Monday, October 26, 2009

Zero to Sixty

He calls every now and then just to say "what's up?" It's the typical call you would expect from a close friend who moved away. For the first couple months we would talk roughly once a week, lengthy conversations that were ended long before they were truly finished. As time moved on the chats got shorter while the dead space in between our words grew longer.

It isn't something that really bothers me on a nightly basis, just every once in a while. I can't really place the blame on him, just as he cannot on me, it's just a result of the differing paths we took after leaving college in 2007. I stayed here, stagnant essentially, while he moved to Texas and jammed his foot down on the gas pedal.

So here I am, two and a half years out of school with a mediocre job, a steady girlfriend and basically all the freedom to do what I want when I want. I might have battles with my demons but all in all things aren't all that bad. For the first time in a while I feel like I'm playing my hand the way that I want to play it, not the way everyone else is telling me too.
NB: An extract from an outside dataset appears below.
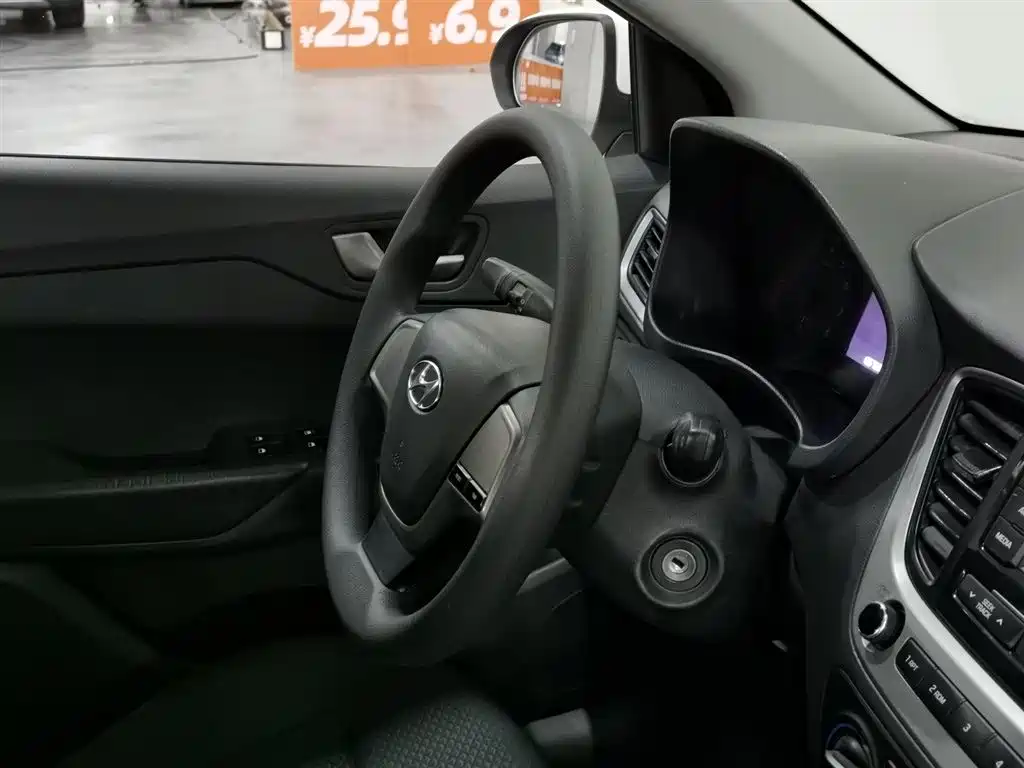 Hyundai Verna 2016 1.4L Manual Cool Edition GLS фото 22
So like I said, here I am.

But then, on the other end of the spectrum, there he is.

I don't even think he has turned twenty-five yet but already he's just .5 kids short of the American Dream (if that's how you want to define it, that is). Two kids under five, a wife, two dogs, a mortgage, car payments and all the responsibility that goes along with it. I think all he's missing is the white picket fence. If you were to look back at how similar we were back in school, you would have never seen this coming. I know I sure didn't.
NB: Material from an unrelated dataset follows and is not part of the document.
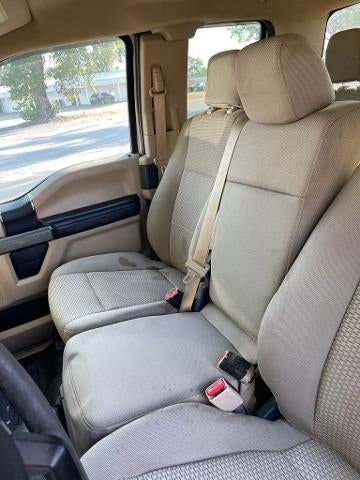 2017 Ford Super Duty F-350 DRW XLT 4WD SuperCab 168" WB 60" CA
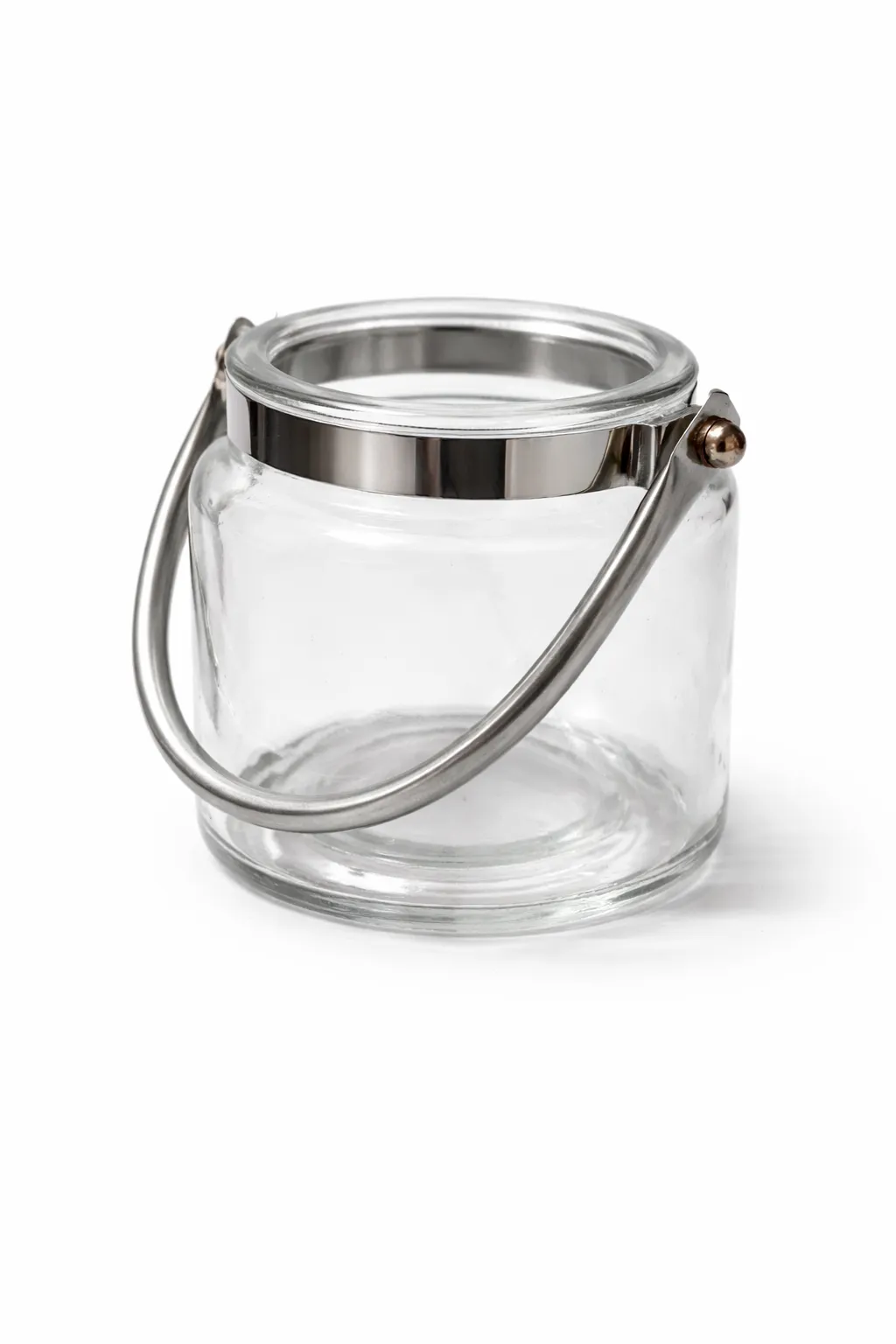 Gefäß mit Silberhenkel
Originally I thought the increasingly awkward telephone silences and the dwindling number of phone calls was on account of the stress and time constraints of going zero to sixty from single stoner to married family man. Now that I put a little more thought into it, it isn't an entirely unreasonable excuse, I have no idea what it is like so I obviously can't be upset. It is what it is.

But that gets me thinking, back in the day we were inseparable. We made money, got drunk, started fights and just generally caused trouble. "Fish and Cheese," they would call us, it was never one without the other. Nowadays we couldn't be more different and it's strange to think how quickly his life changed and just how much of a rift has opened between us.
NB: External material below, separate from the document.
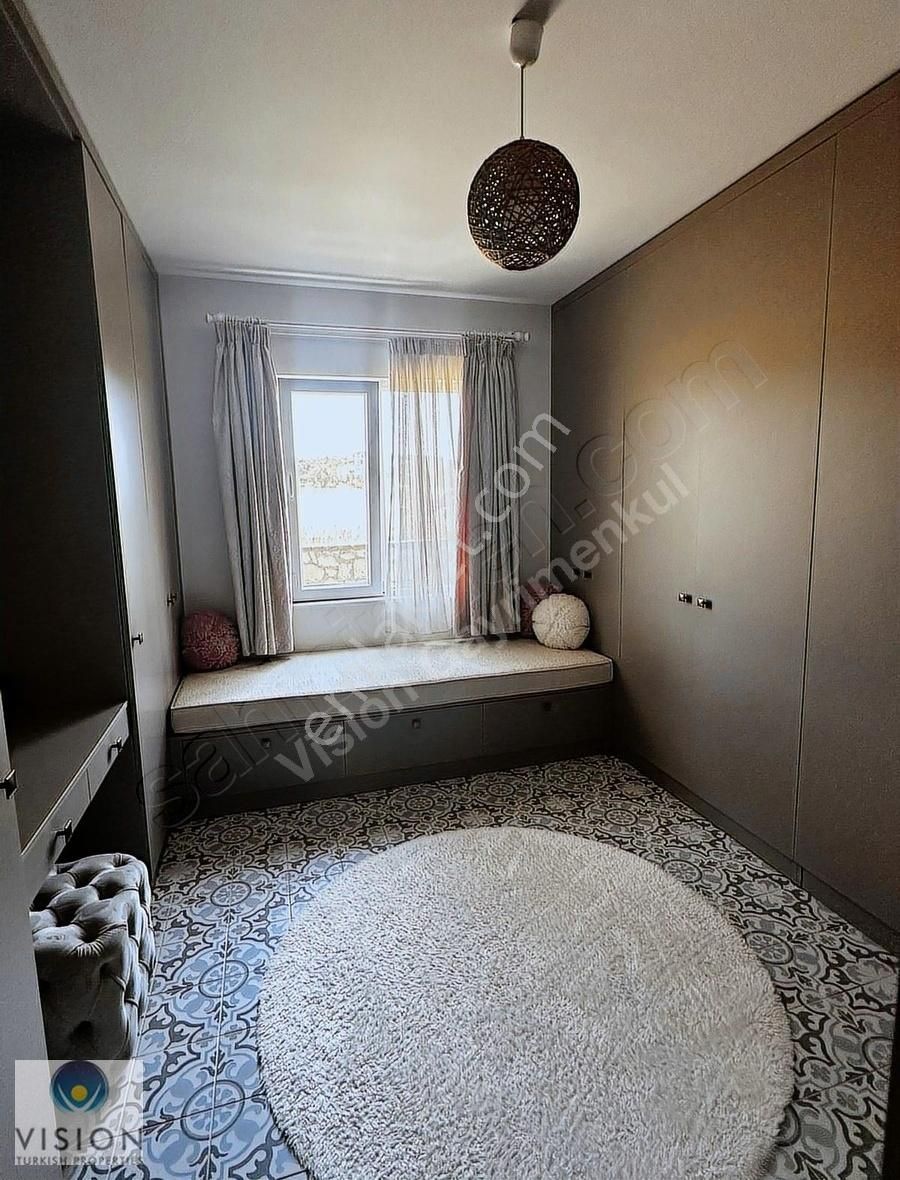 Didim Mavişehirde Tek Katlı Şömineli Havuzlu Müstakil Ev - Görsel 18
It has me contemplating my own future, where am I going and where will I end up? What will I be like? How hard will it be for my friends to relate to me? Will they even know what to say to me anymore? Will they recognize a settled down version of Cheese? Will they even be able to call me that anymore?

Speculation will get me nowhere but it's something I have never been able to keep out of my head. It's a constant nusiance, gaining speed and volume each time the calender moves forward. I see my youth fading, the jeans and T-shirt soon to be replaced by a suit and tie. The bowls and beers will give way to baby bottles and bank statements. Recklessness will fade away into responsibility. I wonder if I'll even recognize myself.

Everyone knows you can't stem the tide.

But that doesn't mean it doesn't terrify me as I watch it come in.